The hanging of a prominent Belarusian activist Vitaliy Shyshov in a Kyiv park on Aug. 3 sparked outrage far beyond the country’s borders.
President Volodymyr Zelensky was forced to respond to Shyshov’s death, promising better security to Belarusian activists seeking refuge in Ukraine.
Despite Zelensky’s words, the death of yet another activist showed that Ukraine isn’t safe.
The death of Shyshov, head of the Belarus House in Ukraine, is the latest event in a long sequence of casualties among dissidents fleeing Vladimir Putin’s Russia and Alexander Lukashenko’s Belarus.
Belarus-born journalist Pavel Sheremet, a prominent critic of Lukashenko, was blown up in his car in downtown Kyiv in July 2016. Five years on, the murder remains unsolved.
In March 2017, former Russian lawmaker Denis Voronenkov was shot dead in downtown Kyiv. In October of the same year, Amina Okueva, a high-profile Chechen activist and war veteran, was killed 10 kilometers southwest of Kyiv.
“There have been murders, kidnappings and all sorts of other nefarious things going on there,” businessman and human rights activist William Browder told the Kyiv Post.

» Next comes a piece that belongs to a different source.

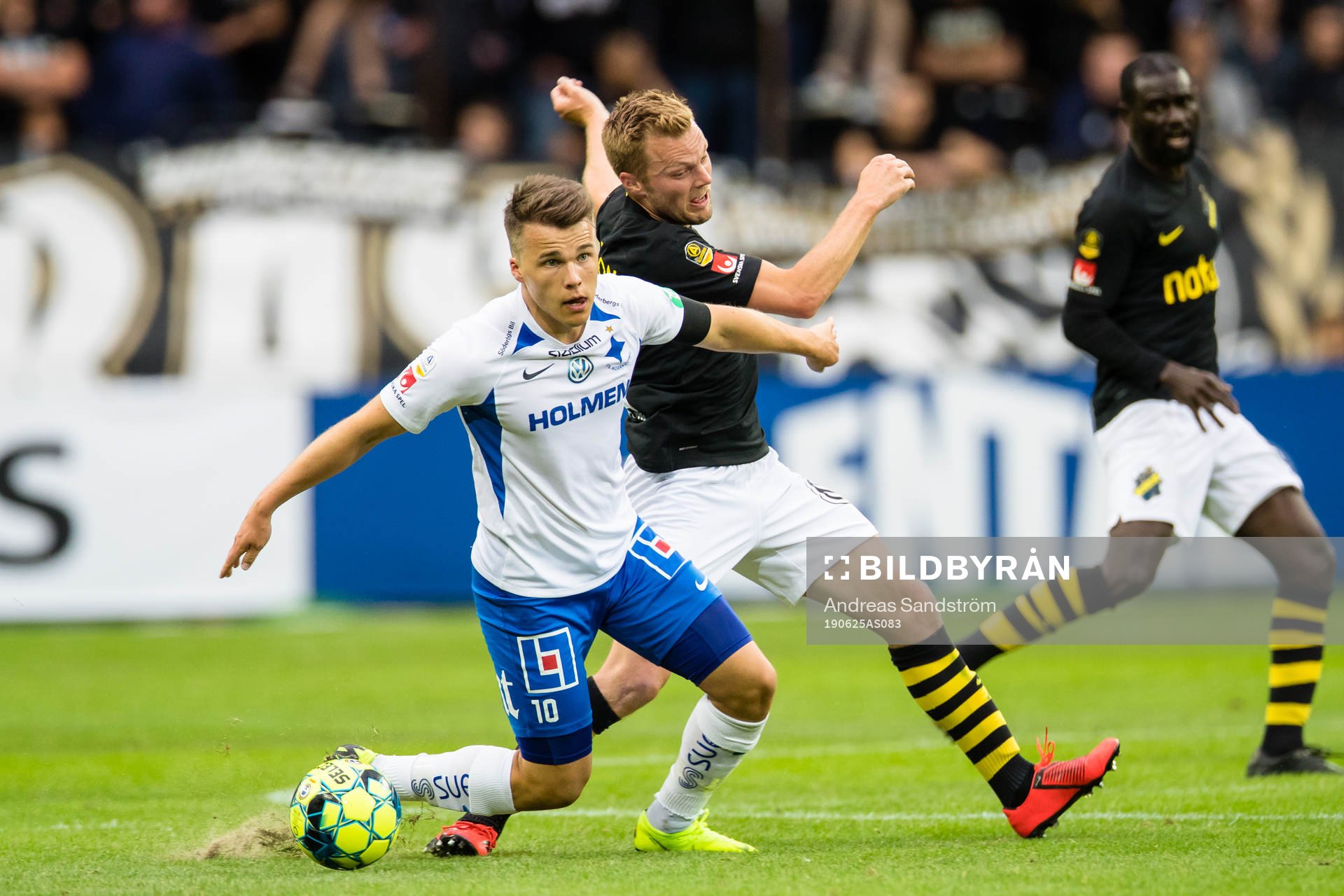 IFK Norrköpings Simon Skrabb i kamp om bollen med AIK:s Sebastian Larsson under fotbollsmatchen i Allsvenskan mellan AIK och IFK Norrköping den 25 juni 2019 i Stockholm.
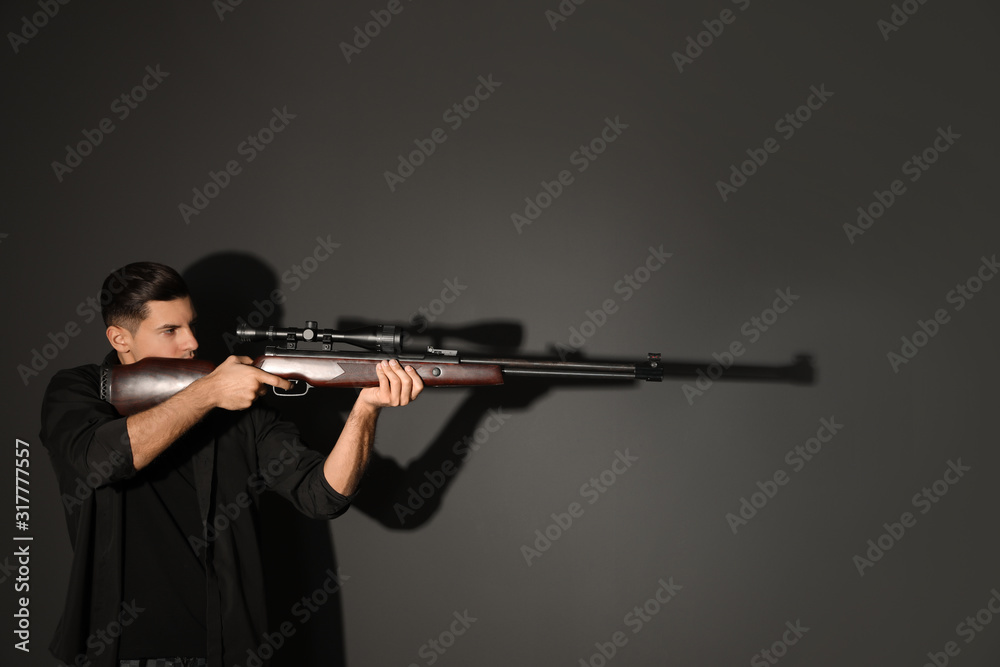Professional killer with sniper rifle on black background Professional killer with sniper rifle on black background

“It’s clear that Ukraine is not safe for the enemies of the Putin or Lukashenko regime,” said Browder, one of the Kremlin’s most prominent critics and author of “Red Notice: How I became Putin’s Enemy No. 1.”
Shyshov’s death
Shyshov was found hanged in a park on the outskirts of Kyiv. A day earlier, the activist left his house to go for a jog.
The authorities have launched a criminal investigation saying that they are looking into a potential murder framed as suicide.

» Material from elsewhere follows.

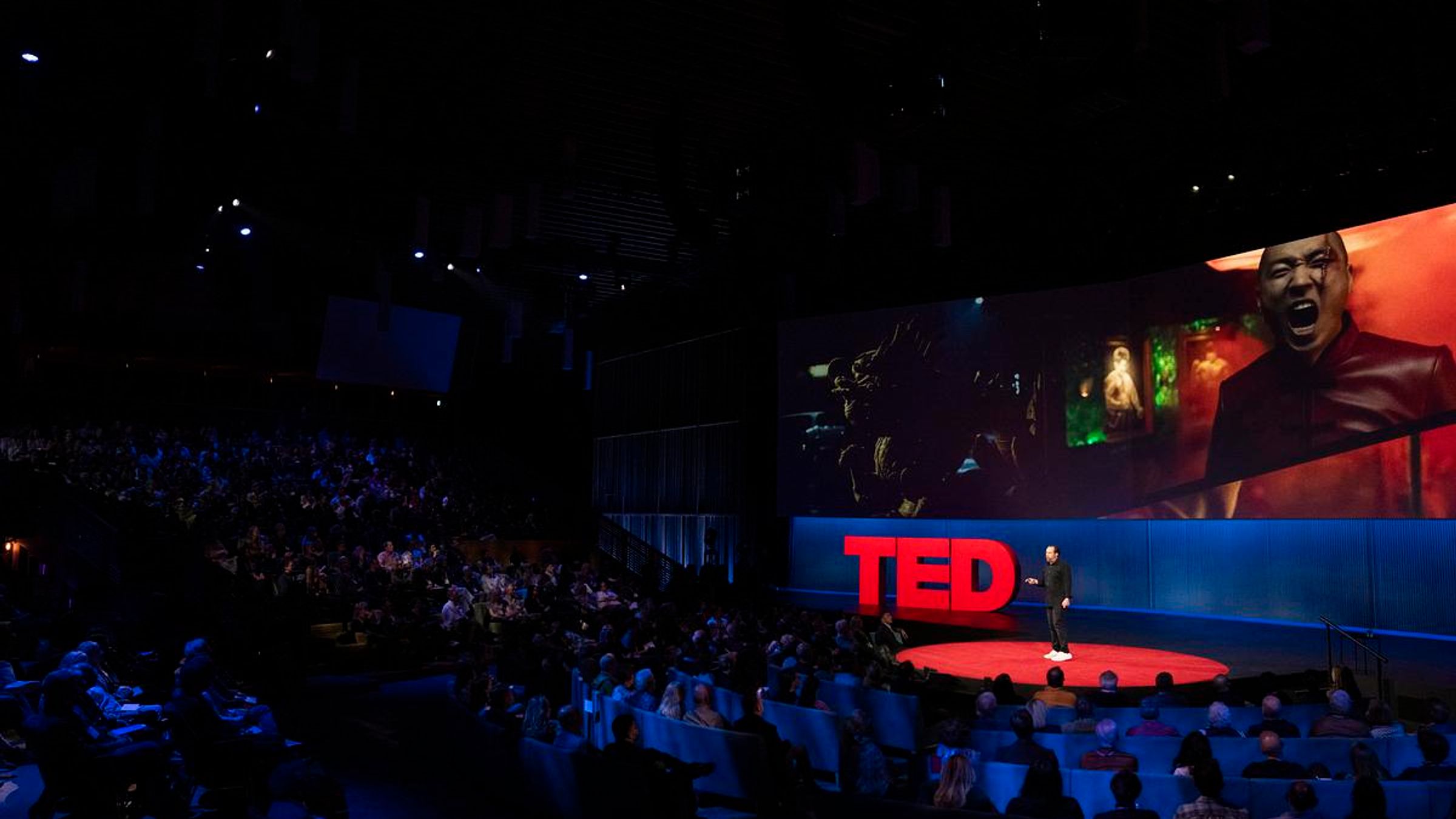 Jason Zada speaks on the stage at TED 2025 to a large audience, engaging them with his presentation.
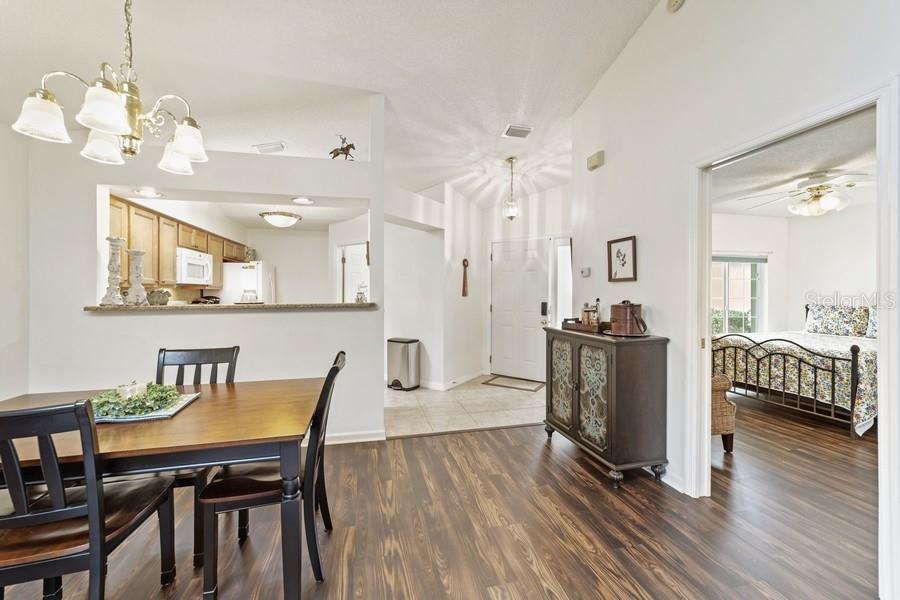 A dining area with wood-look flooring opens to a kitchen, entryway, and a bedroom — 2038 NW 50TH AVENUE, OCALA, FL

Ihor Klymenko, head of the National Police, said during a press briefing that Shyshov had other injuries. “He had certain scratches, torn skin on his nose, on his left knee and his chest,” said Klymenko.
Shyshov fled Belarus in the fall of 2020 after participating in countrywide protests against Lukashenko.
The 2020 August presidential elections in Belarus were allegedly rigged leading to protests drawing hundreds of thousands of Belarusians into the streets. Soon, prominent activists were jailed, tortured or forced out of the country.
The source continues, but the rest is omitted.